Data excerpt Start Marker
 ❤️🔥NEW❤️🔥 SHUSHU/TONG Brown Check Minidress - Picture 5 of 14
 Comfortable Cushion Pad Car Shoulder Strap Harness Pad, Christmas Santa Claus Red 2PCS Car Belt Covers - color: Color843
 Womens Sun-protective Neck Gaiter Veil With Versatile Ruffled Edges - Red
Data excerpt End Marker
Repeat the material above in full, quoting it exactly.

- [Output for this task]
 ❤️🔥NEW❤️🔥 SHUSHU/TONG Brown Check Minidress - Picture 5 of 14
 Comfortable Cushion Pad Car Shoulder Strap Harness Pad, Christmas Santa Claus Red 2PCS Car Belt Covers - color: Color843
 Womens Sun-protective Neck Gaiter Veil With Versatile Ruffled Edges - Red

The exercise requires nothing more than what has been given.